Searching around for similar issues related to the number of modules installed I discovered some people were getting blue screens when their RAM is running in dual channel mode due to bad modules or incompatible RAM. In my case, the RAM were all of the same spec, brand and were tested fine so compatibility couldn't be the issue.
A single stick of RAM was stable so the channel mode might have been the issue. To test, I installed another module so that they were running in dual channel mode. You'll have to check your motherboard manual as you may have to use certain slots to run two modules in this mode. You may think you can have three modules and keep dual channel mode but not all boards support "flex" mode that juggles between single and dual channel mode.
Anyway, after installing two modules, dual channel mode was running and everything was still stable. Next I plugged in the remainder of the RAM and at this point the blue screens started to happen again.
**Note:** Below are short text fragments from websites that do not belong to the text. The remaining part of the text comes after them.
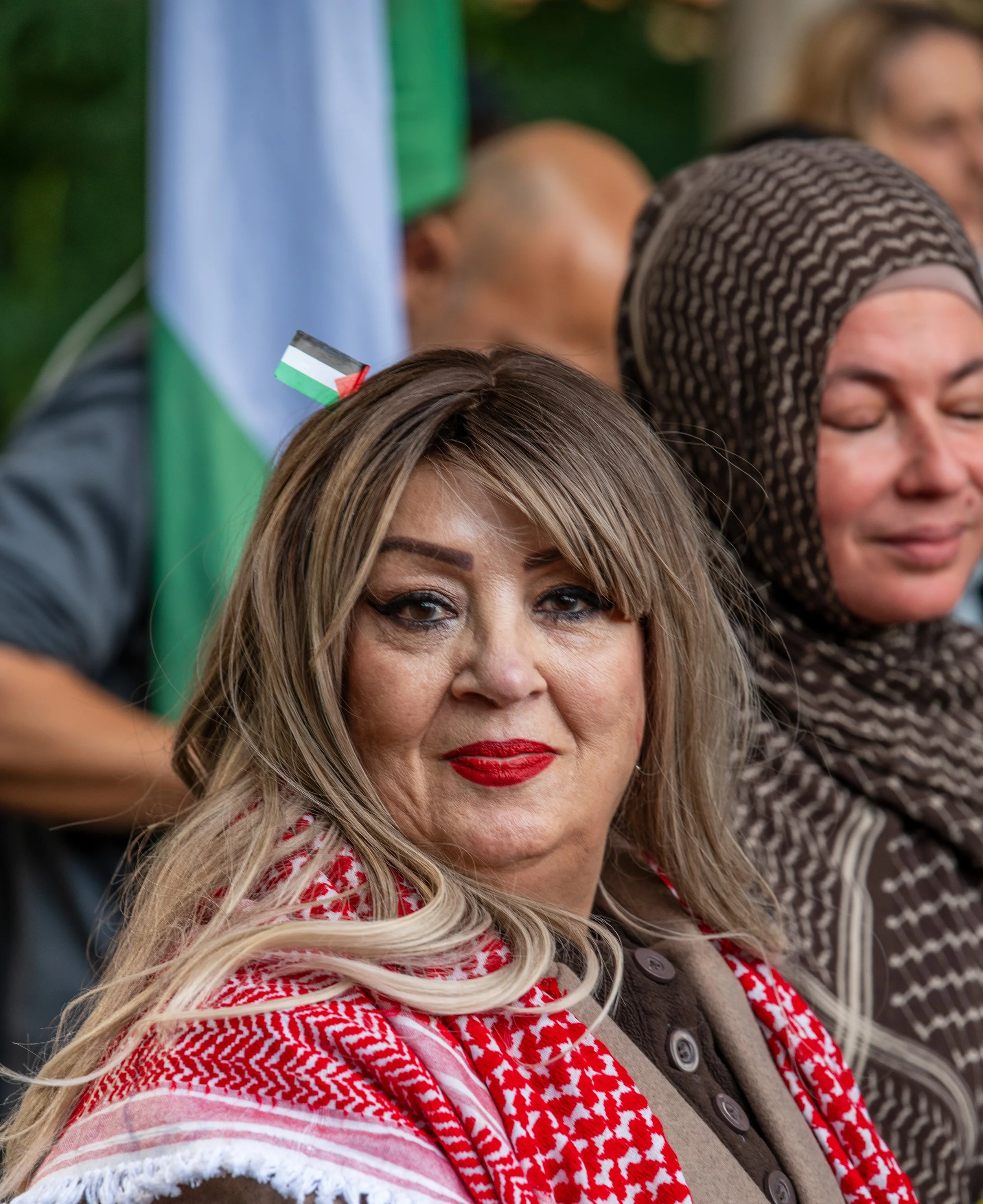 A woman with blonde hair, red lipstick, and eye makeup, wearing a red and white patterned scarf, sitting with others in a crowd at an outdoor event, with a flag in the background.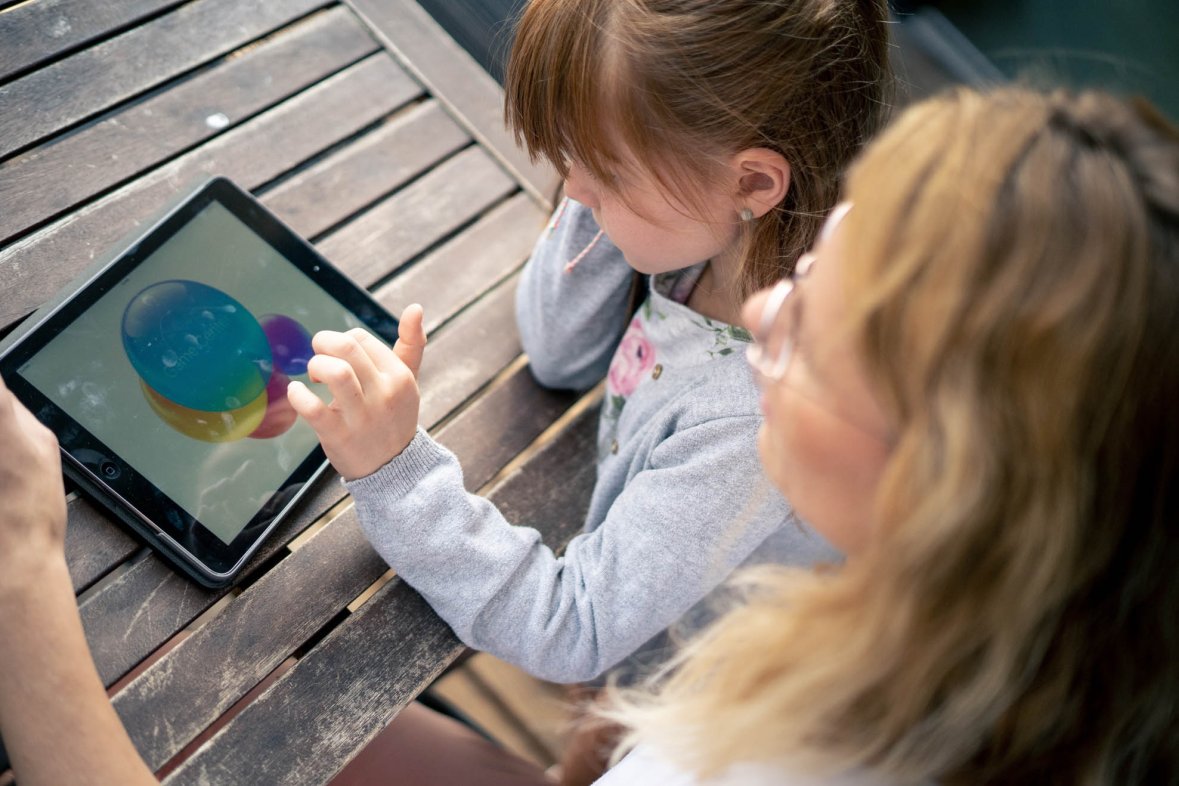 A young girl looks at a tablet, the mother looks on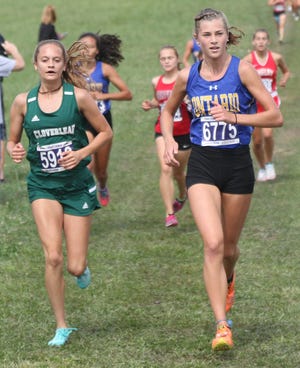 Ontario freshman Brienne Trumpower took Ashland Cross Country Invite meet champion honors in the Division II/III race with a time of 19:19.1 for her first career victory and leading the Lady Warriors to the team championship.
Just to verify it wasn't the RAM modules themselves that were the issue (even though the tests were fine), I tried running the system again using the other two modules but it was still fine.
So it looks like there's an issue with the motherboard or BIOS when I have 4 RAM modules installed.
Now I run the system on Windows 10 22H2 with half the RAM I initially had which is enough but, I'm still baffled how an attempt to upgrade to Windows 11 22H2 caused so many issues. The Windows 7 to 10 upgrade was a lot smoother but then again I never did update the BIOS. Even so, I don't quite see how the BIOS update would have broken something. Otherwise it should have stopped working right away or at least work again once I reverted.
In any case, I'm just glad my machine's up and running again; still with 32GB of RAM in dual channel mode much like my last build. 3 days of diagnosing was enough really.